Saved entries
^^^^^^^^^^^^^^^^

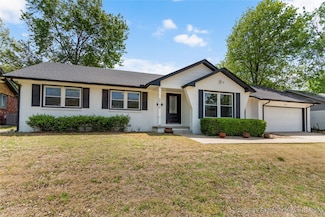 6566 E 60th St, Tulsa, OK 74145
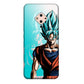 Goku Dragon Ball Z - Mobile Phone Cover - Hard Case - Vivo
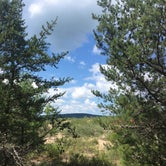 Review photo of Young State Park Campground by Devon P., May 29, 2018
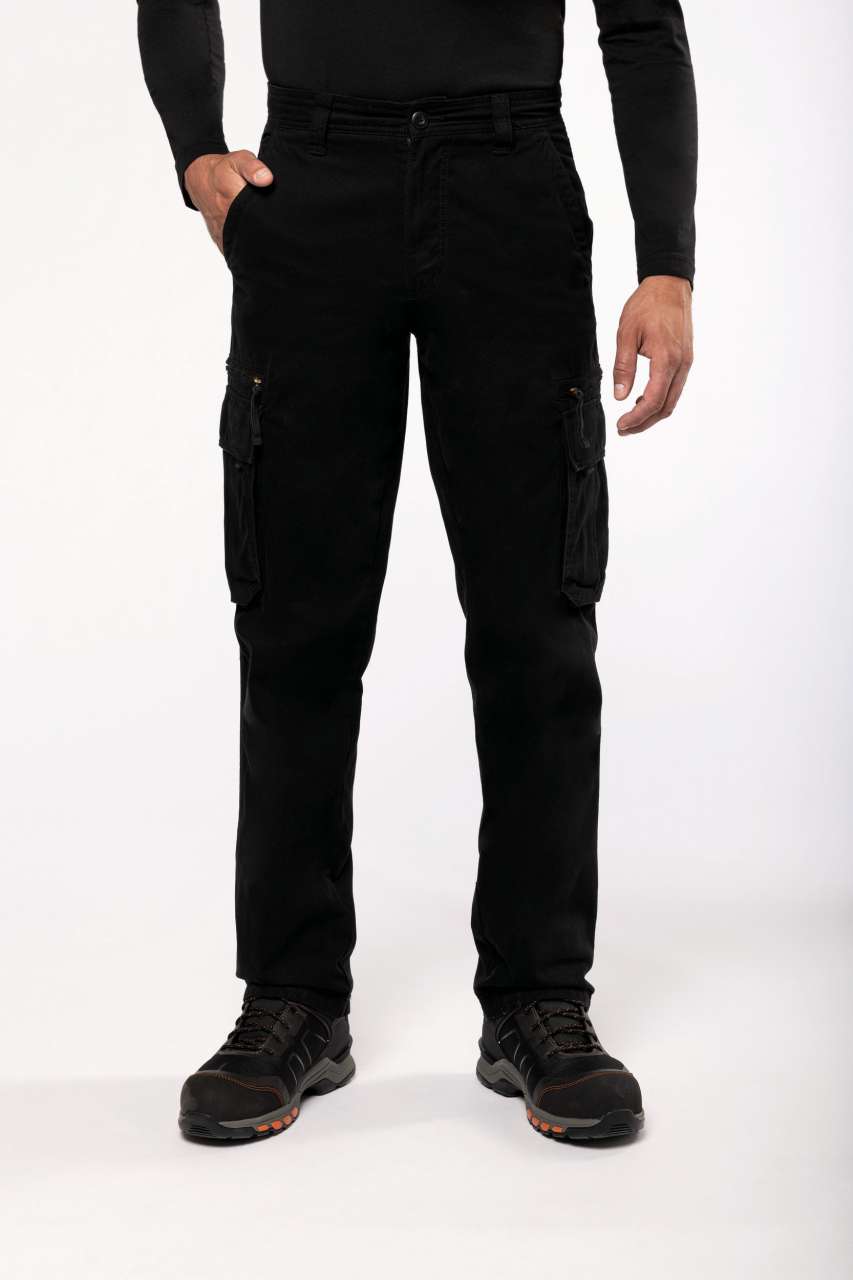 majcoteka:style:KASP105:alt:kasp105-1.jpg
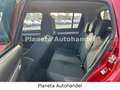 Suzuki Swift Lim. Club*KLIMA*8FACH BEREIFT*SCHECKHEFT* Orange - thumbnail 22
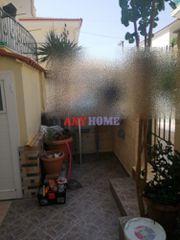 Studio / γκαρσονιέρα 55 τ.μ. για ενοικίαση, Χαλκιδική, Κασσάνδρα-thumb-1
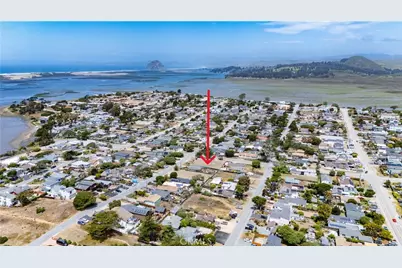 1412 5th Street, Los Osos, CA 93402 - Photo 4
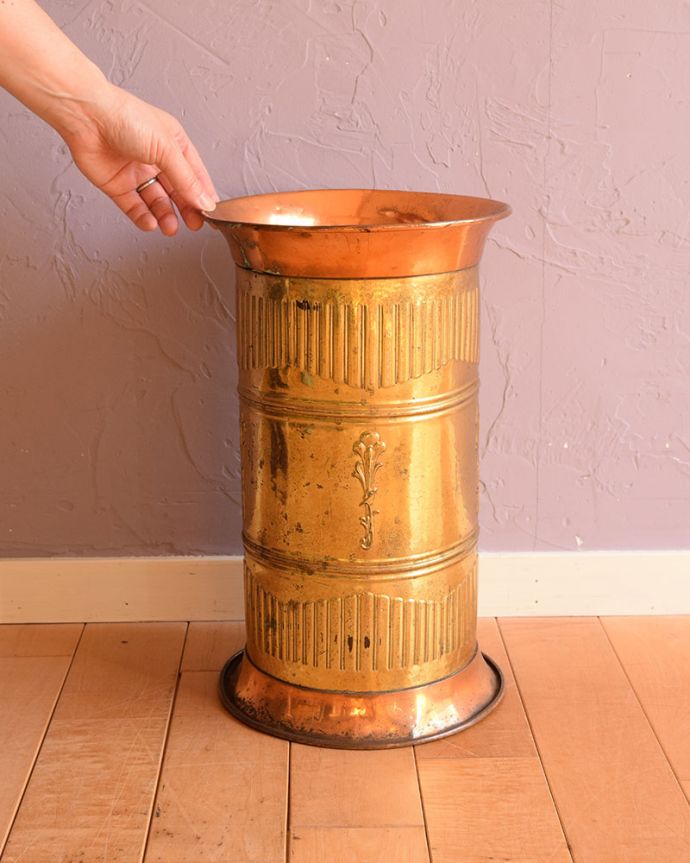 おしゃれなアンティークの雑貨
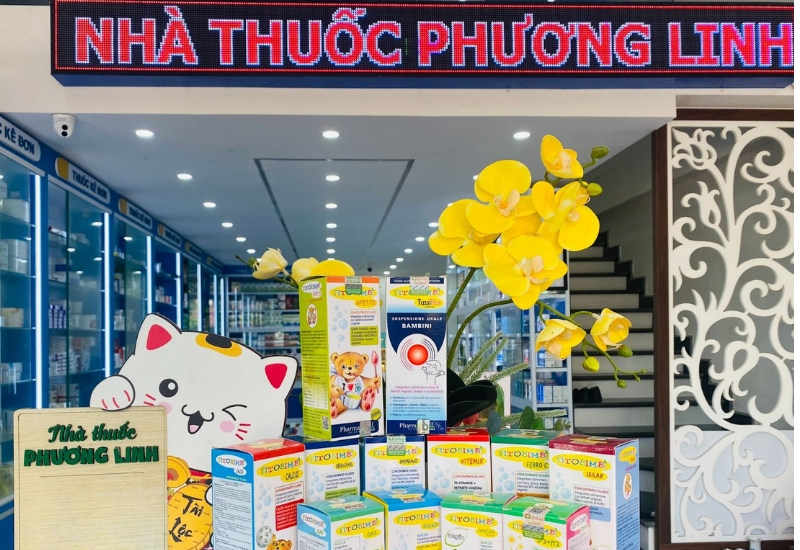 nha-thuoc-phuong-linh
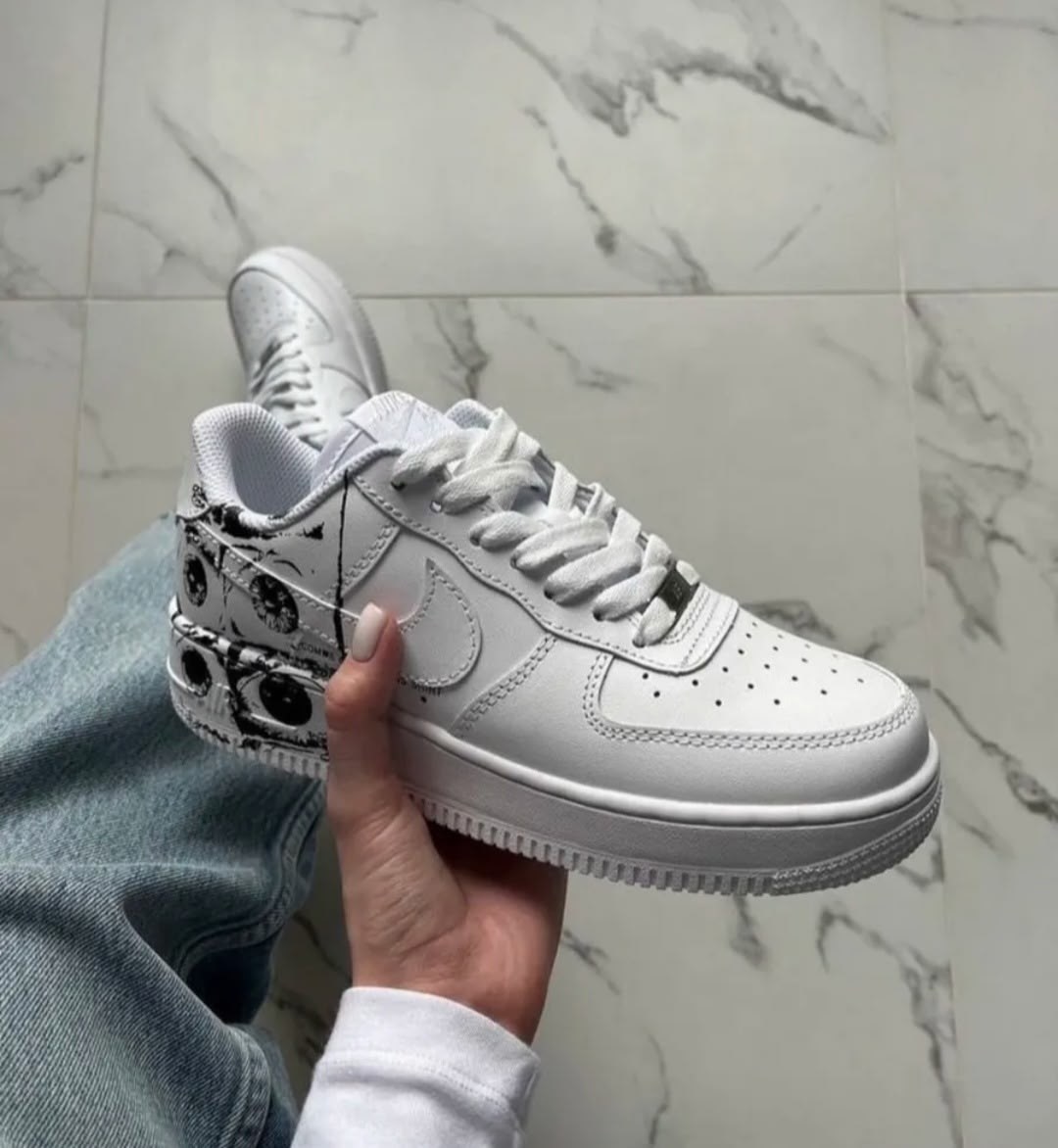 кросcовки nike air force 1,кроссовки найк аир форс,кроссовки nike air force 1 supreme,nike air force 1 low,кроссовки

^^^^^^^^^^^^^^^^

**Task description**.
Drop the pictures and give every line above again exactly.

**Answer to this problem**.
 6566 E 60th St, Tulsa, OK 74145
 Goku Dragon Ball Z - Mobile Phone Cover - Hard Case - Vivo
 Review photo of Young State Park Campground by Devon P., May 29, 2018
 majcoteka:style:KASP105:alt:kasp105-1.jpg
 Suzuki Swift Lim. Club*KLIMA*8FACH BEREIFT*SCHECKHEFT* Orange - thumbnail 22
 Studio / γκαρσονιέρα 55 τ.μ. για ενοικίαση, Χαλκιδική, Κασσάνδρα-thumb-1
 1412 5th Street, Los Osos, CA 93402 - Photo 4
 おしゃれなアンティークの雑貨
 nha-thuoc-phuong-linh
 кросcовки nike air force 1,кроссовки найк аир форс,кроссовки nike air force 1 supreme,nike air force 1 low,кроссовки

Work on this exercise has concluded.